Brief descriptive captions:

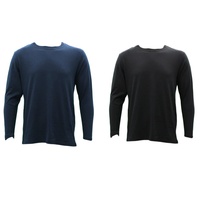 NEW Men's Plain Cotton Crew Neck Long Sleeve Basic T Shirt Tee Top Black Navy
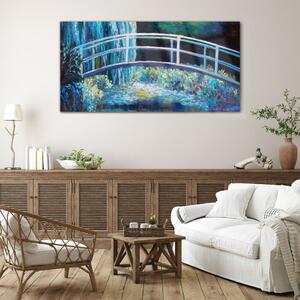 Obraz na skle Obraz na skle Malování most květiny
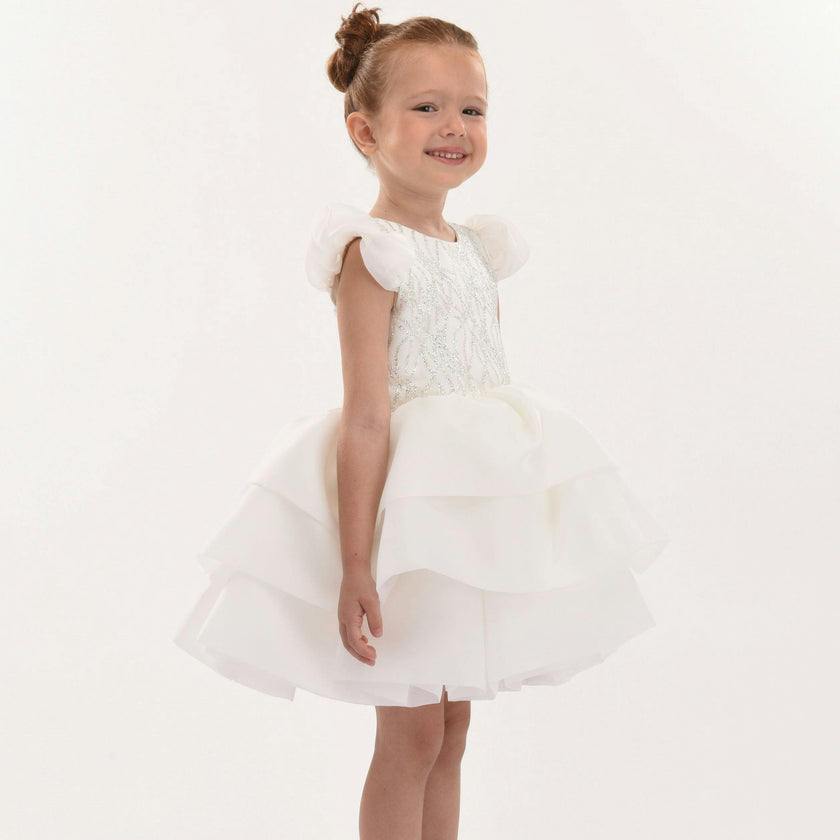 White Collina Teacup Ruffle Dress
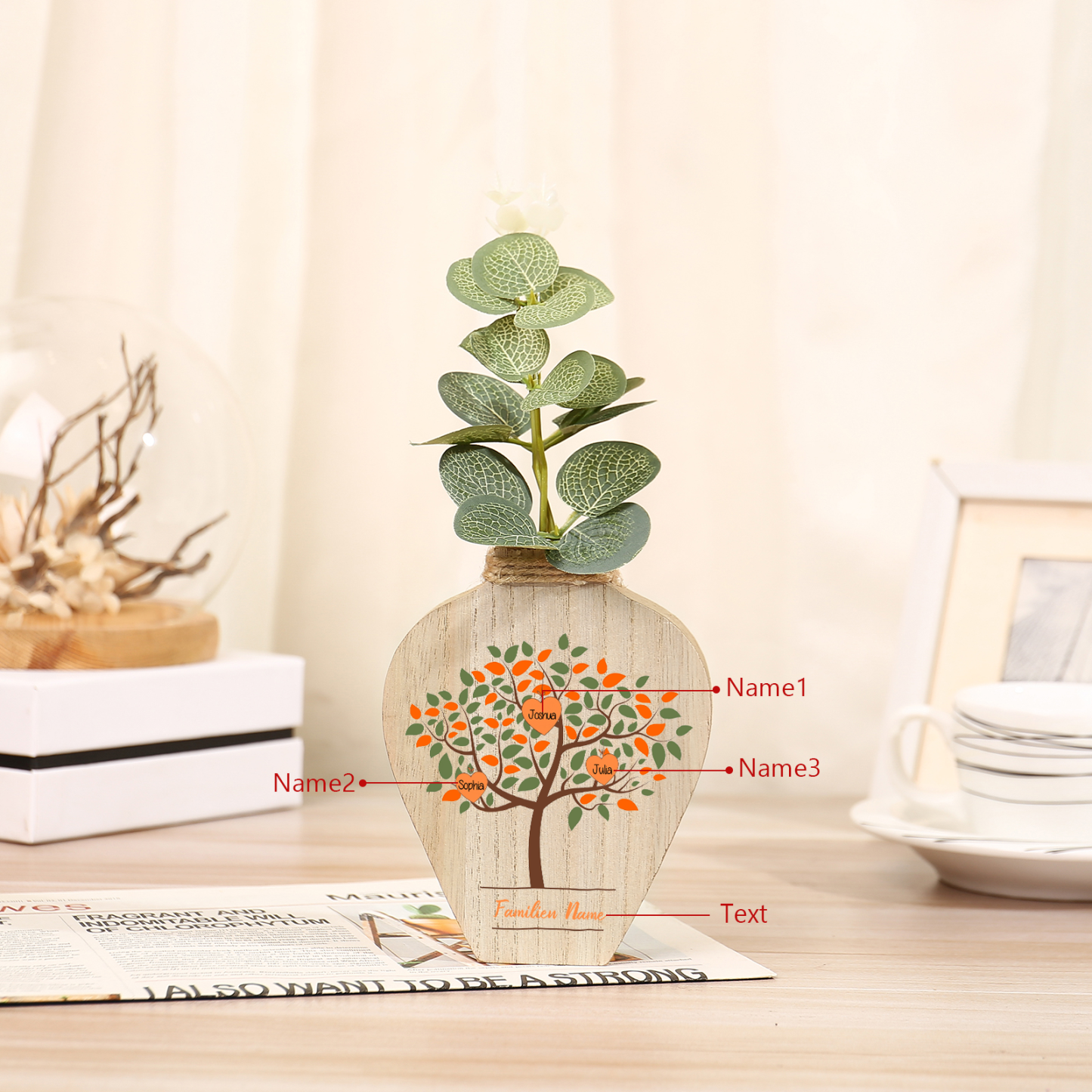 Petit Vase Créatif en Bois Arbre 3 Prénoms Personnalisés avec Texte Décoration de la Maison (sans plantes)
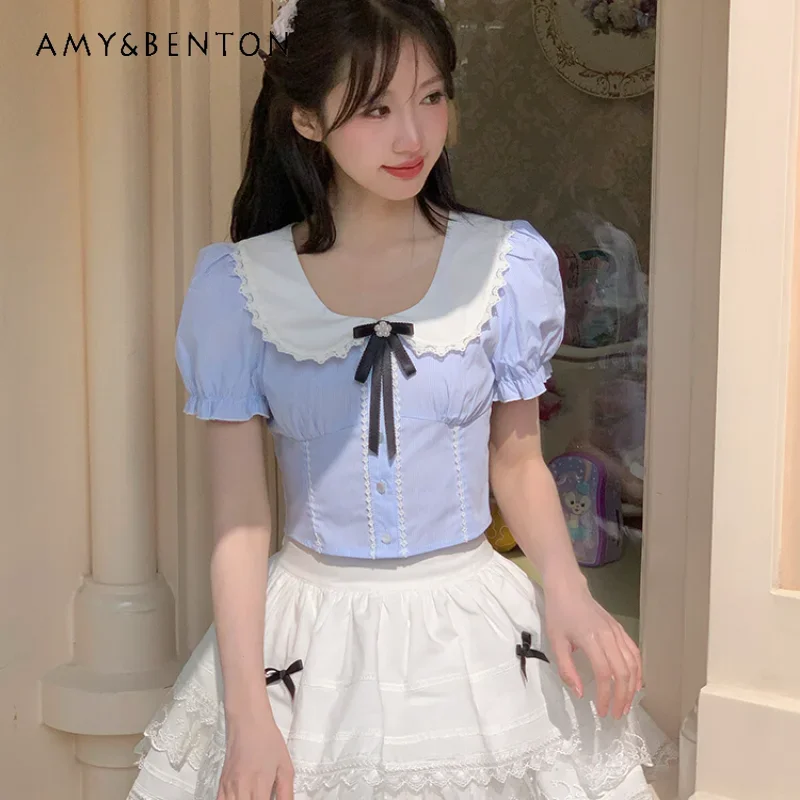 

2024 New Summer Blue Tight Waist Bow Ruffled Collar Short Sleeves Top White Pettiskirt Lace Edge Hollow Out Suit For Girls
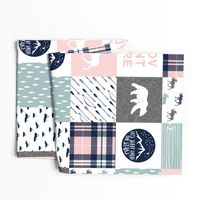 Happy Camper wholecloth w/fall plaid || (dusty blue and rose)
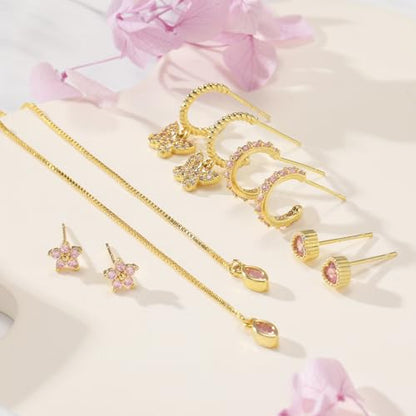 Gold Earrings Set for Women 14K Gold Plated Cubic Zirconia Love Heart Bowknot Clover Fruit Flower Insect Ocean Cross Huggie Hoop Earrings Stud Earrings Set for Multiple Piercing Party Jewelry Gifts - style: Butterfly and Heart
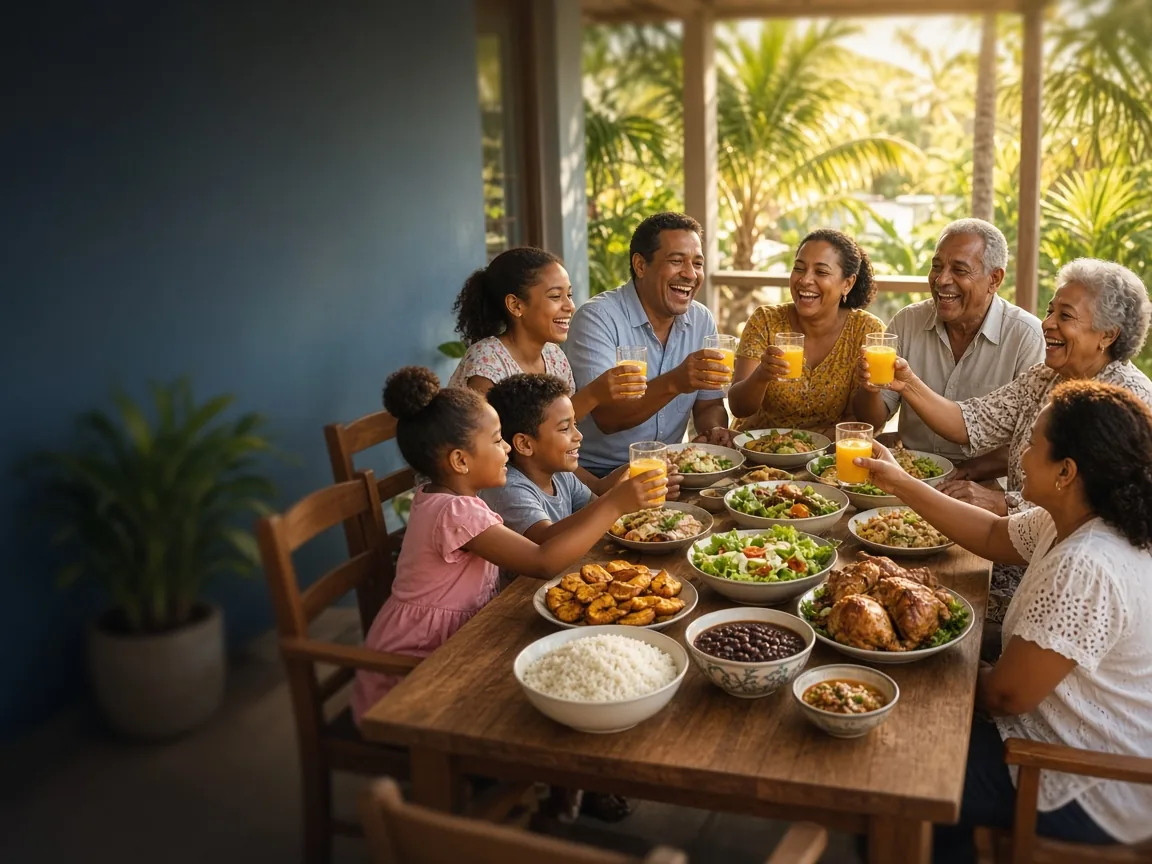 Familia dominicana sonriendo en la mesa con comida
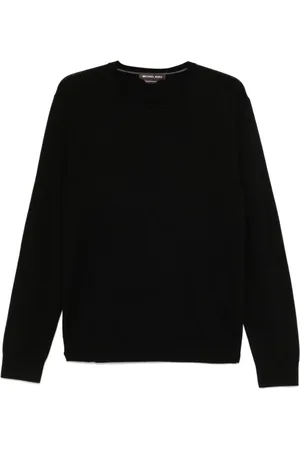 Michael Kors Sweatshirts & Hoodies, Herr, XL, Svart Ulltröja Broderad Logotyp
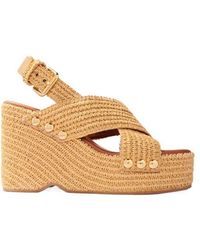 Maje - Wedge Sandals With Raffia Effect - Lyst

§ What you have to do
Leave out the pictures, then return every line of the data exactly.

§ Output for this task
 NEW Men's Plain Cotton Crew Neck Long Sleeve Basic T Shirt Tee Top Black Navy
 Obraz na skle Obraz na skle Malování most květiny
 White Collina Teacup Ruffle Dress
 Petit Vase Créatif en Bois Arbre 3 Prénoms Personnalisés avec Texte Décoration de la Maison (sans plantes)

2024 New Summer Blue Tight Waist Bow Ruffled Collar Short Sleeves Top White Pettiskirt Lace Edge Hollow Out Suit For Girls
 Happy Camper wholecloth w/fall plaid || (dusty blue and rose)
 Gold Earrings Set for Women 14K Gold Plated Cubic Zirconia Love Heart Bowknot Clover Fruit Flower Insect Ocean Cross Huggie Hoop Earrings Stud Earrings Set for Multiple Piercing Party Jewelry Gifts - style: Butterfly and Heart
 Familia dominicana sonriendo en la mesa con comida
 Michael Kors Sweatshirts & Hoodies, Herr, XL, Svart Ulltröja Broderad Logotyp
 Maje - Wedge Sandals With Raffia Effect - Lyst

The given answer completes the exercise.